Leaving all pictures aside, write out the records below precisely as given.
▬▬▬▬▬▬▬▬▬▬
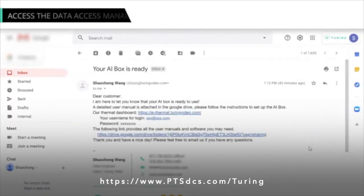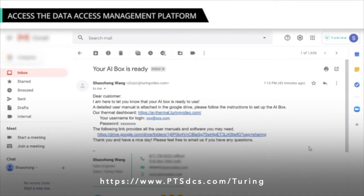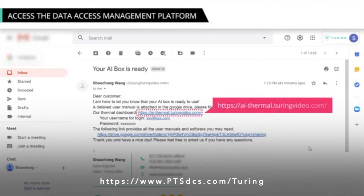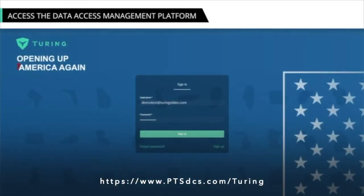Before exploring further, let us see how to access the Data Access Management Platform. Once a device is installed, you will receive an email from the AI Box team intimating that your AI Box is ready. You can use the appropriate link to access the platform. On the login page, enter your credentials.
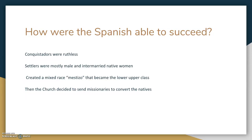This created a class system in the Americas: at the top you had the pure-blooded Spanish, then the mestizos — the mixed bloods — and at the very bottom the native Americans. Shortly after, slaves being brought over would become even lower class than the natives. You also had the Roman Catholic Church, which sent over missionaries to convert the natives to Catholicism.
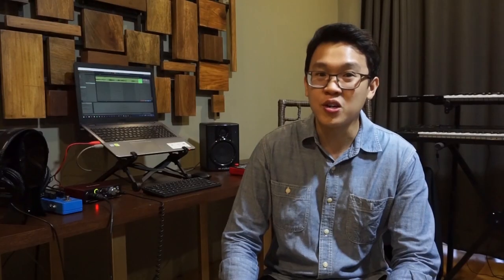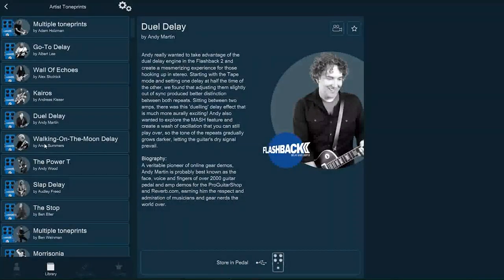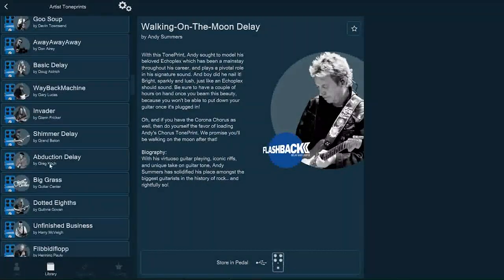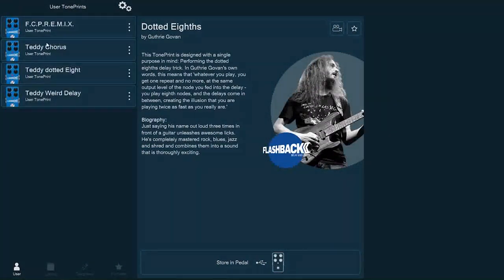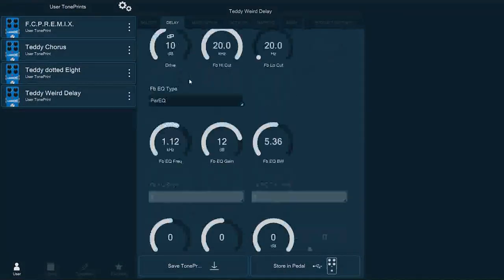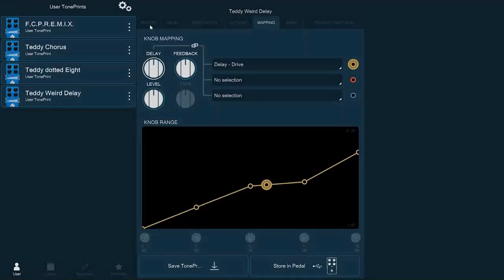Finally, number one: TonePrint technology. Heard about signature guitars? What about signature delays? Imagine a delay pedal that could store your favorite guitarist's signature delay setting through an app. It's possible with the TonePrint app by TC Electronic. The delay secrets of your favorite guitarist are just at your fingertips. You could also create your own signature delay in the app, which goes beyond the simple knob parameters of a standard delay pedal — which is just awesome.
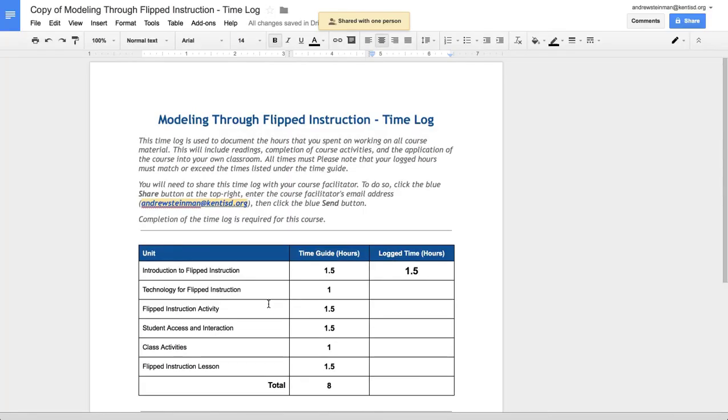If you do not know the email address of your course facilitator, it is highlighted here in the time log. And this is how you make a copy of your time log and share it with your course facilitator.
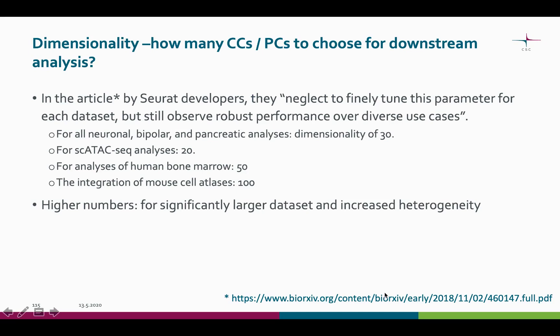In the article where the integration step is described, the Seurat developers say that they neglect to finely tune this parameter for each dataset, but still observe robust performance over diverse use cases, after which they propose a certain number of PCs to use in different cases. Again, testing and comparing is the way to go, and if you have a significantly larger dataset or increased heterogeneity in your samples, go ahead and try higher numbers.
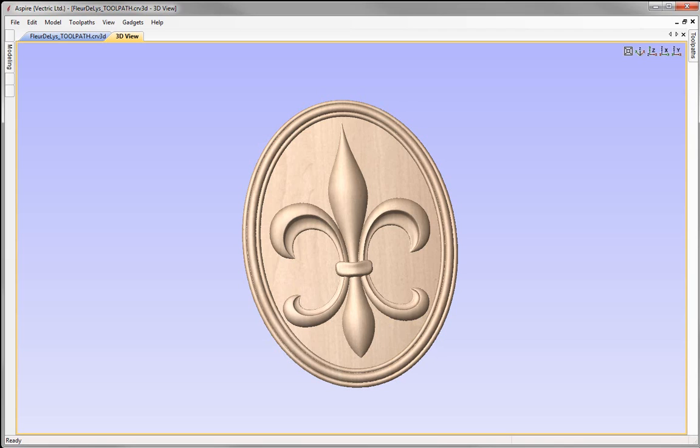In this example we're going to take the fleur-de-lis model that we created in a previous session and look at how we can set up our material and toolpaths in the software in order to go ahead and cut that out on our CNC machine.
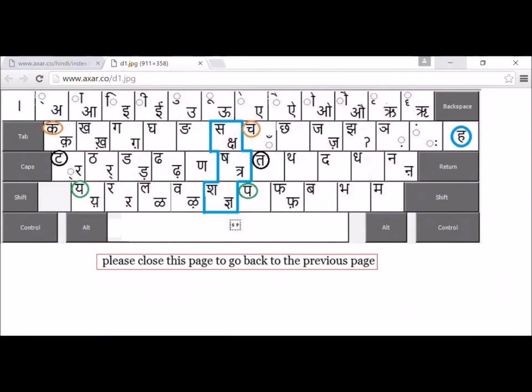To type half letters, you need to type the letter and then halant, then the next letter, and then the matra. This will give you, for example, kya — ka, half ya, and its matra.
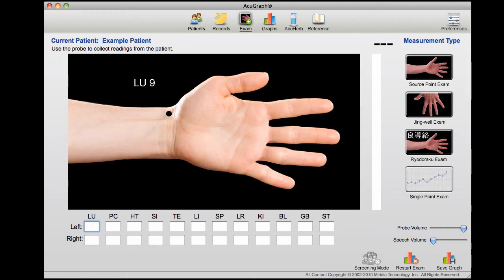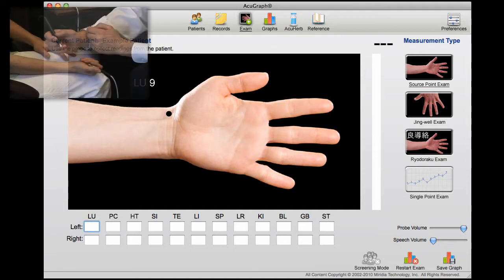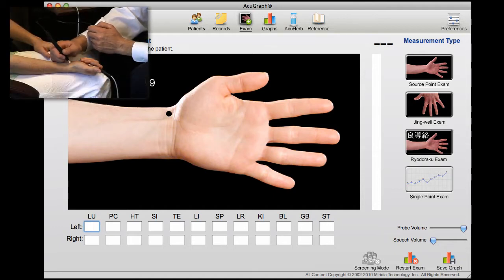Performing the AcuGraph exam is fast and easy. Simply use the attached probe to collect readings from the points that are shown in the illustrations.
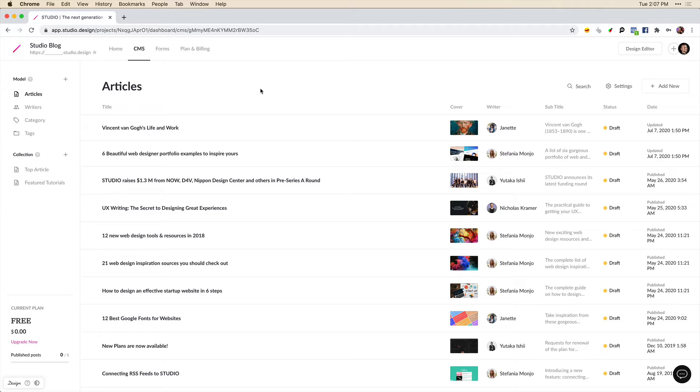In a previous video we explained model types and when to use them. In this video we're going to create some new models and I'm going to show an example of how you can use these.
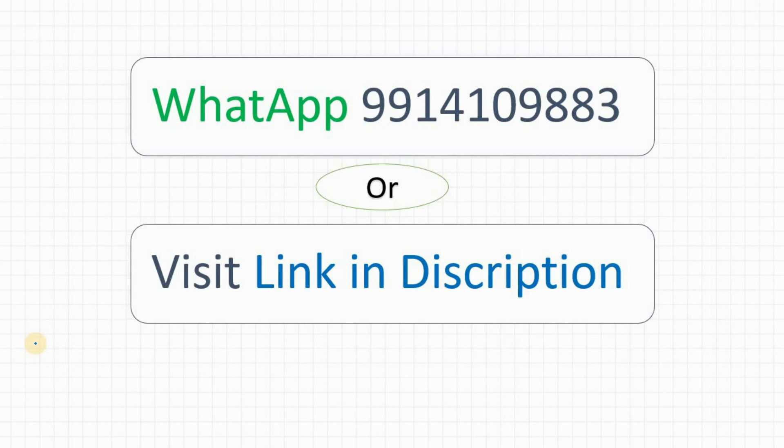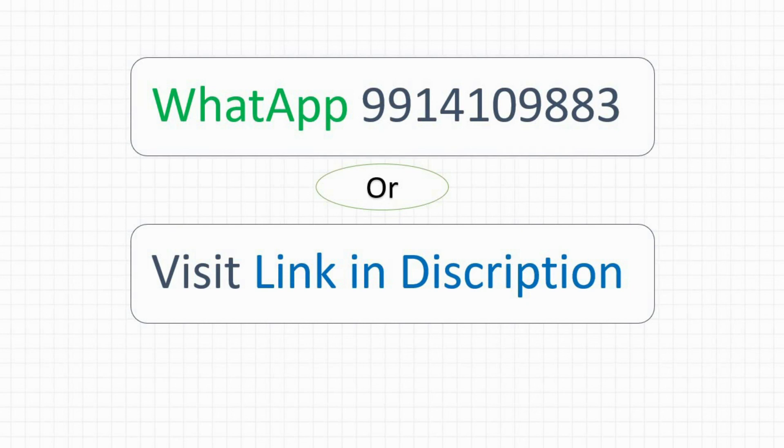If you would like to join the course, then you can WhatsApp at the given number on the screen or you can visit the link as given in the description. That's all, thank you.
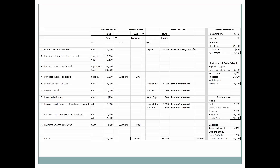We're going to pay on our accounts payable, so cash decreases and accounts payable decreases. If this is a transaction between two companies, this company has an accounts payable because it owes money to the other company. But the other company on its books would have an accounts receivable — they'd be billing this company for the $7,100 and we're making a partial payment. One company has accounts payable and the other has accounts receivable, depending on who owes and to whom.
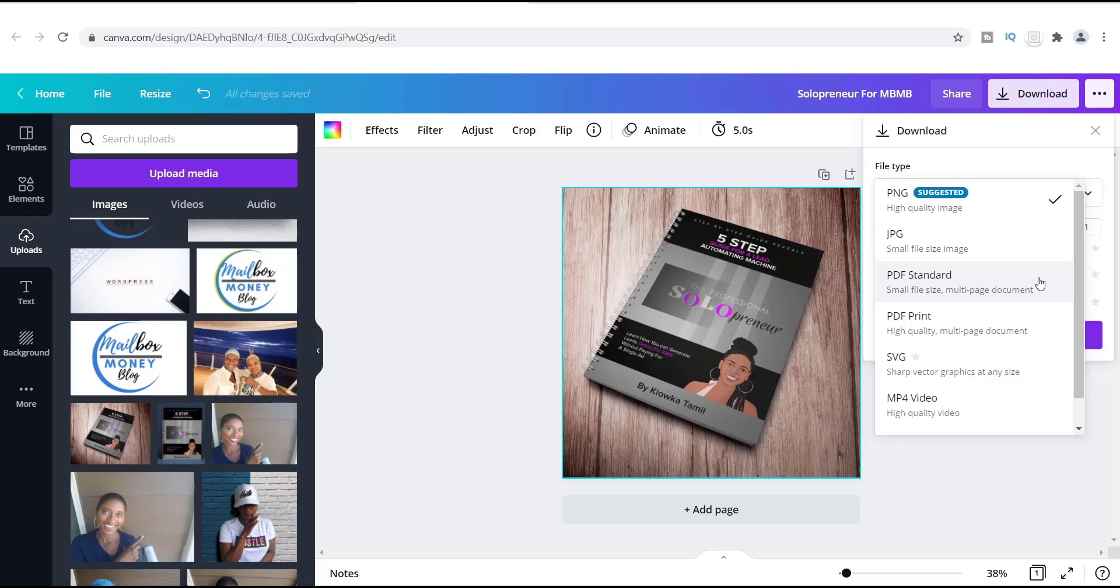So this PDF is just a standard file size and honestly you can create multiple pages with this. This particular image that I have right here is only one image because this is the image that I use on my blog. But now if you had a booklet that you wanted to download and it had 10 pages to it, this is where this PDF really comes into play.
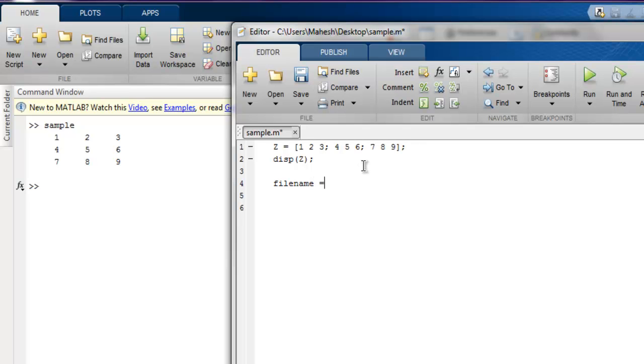a filename variable which is basically going to have my Excel file test_one.xlsx. And after that,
▬▬▬▬▬▬▬▬▬▬
ANSWER FOR THIS EXERCISE →
Before exploring further, let us see how to access the Data Access Management Platform. Once a device is installed, you will receive an email from the AI Box team intimating that your AI Box is ready. You can use the appropriate link to access the platform. On the login page, enter your credentials.
This created a class system in the Americas: at the top you had the pure-blooded Spanish, then the mestizos — the mixed bloods — and at the very bottom the native Americans. Shortly after, slaves being brought over would become even lower class than the natives. You also had the Roman Catholic Church, which sent over missionaries to convert the natives to Catholicism.
Finally, number one: TonePrint technology. Heard about signature guitars? What about signature delays? Imagine a delay pedal that could store your favorite guitarist's signature delay setting through an app. It's possible with the TonePrint app by TC Electronic. The delay secrets of your favorite guitarist are just at your fingertips. You could also create your own signature delay in the app, which goes beyond the simple knob parameters of a standard delay pedal — which is just awesome.
If you do not know the email address of your course facilitator, it is highlighted here in the time log. And this is how you make a copy of your time log and share it with your course facilitator.
In the article where the integration step is described, the Seurat developers say that they neglect to finely tune this parameter for each dataset, but still observe robust performance over diverse use cases, after which they propose a certain number of PCs to use in different cases. Again, testing and comparing is the way to go, and if you have a significantly larger dataset or increased heterogeneity in your samples, go ahead and try higher numbers.
In this example we're going to take the fleur-de-lis model that we created in a previous session and look at how we can set up our material and toolpaths in the software in order to go ahead and cut that out on our CNC machine.
To type half letters, you need to type the letter and then halant, then the next letter, and then the matra. This will give you, for example, kya — ka, half ya, and its matra.
Performing the AcuGraph exam is fast and easy. Simply use the attached probe to collect readings from the points that are shown in the illustrations.
In a previous video we explained model types and when to use them. In this video we're going to create some new models and I'm going to show an example of how you can use these.
If you would like to join the course, then you can WhatsApp at the given number on the screen or you can visit the link as given in the description. That's all, thank you.
We're going to pay on our accounts payable, so cash decreases and accounts payable decreases. If this is a transaction between two companies, this company has an accounts payable because it owes money to the other company. But the other company on its books would have an accounts receivable — they'd be billing this company for the $7,100 and we're making a partial payment. One company has accounts payable and the other has accounts receivable, depending on who owes and to whom.
So this PDF is just a standard file size and honestly you can create multiple pages with this. This particular image that I have right here is only one image because this is the image that I use on my blog. But now if you had a booklet that you wanted to download and it had 10 pages to it, this is where this PDF really comes into play.
a filename variable which is basically going to have my Excel file test_one.xlsx. And after that,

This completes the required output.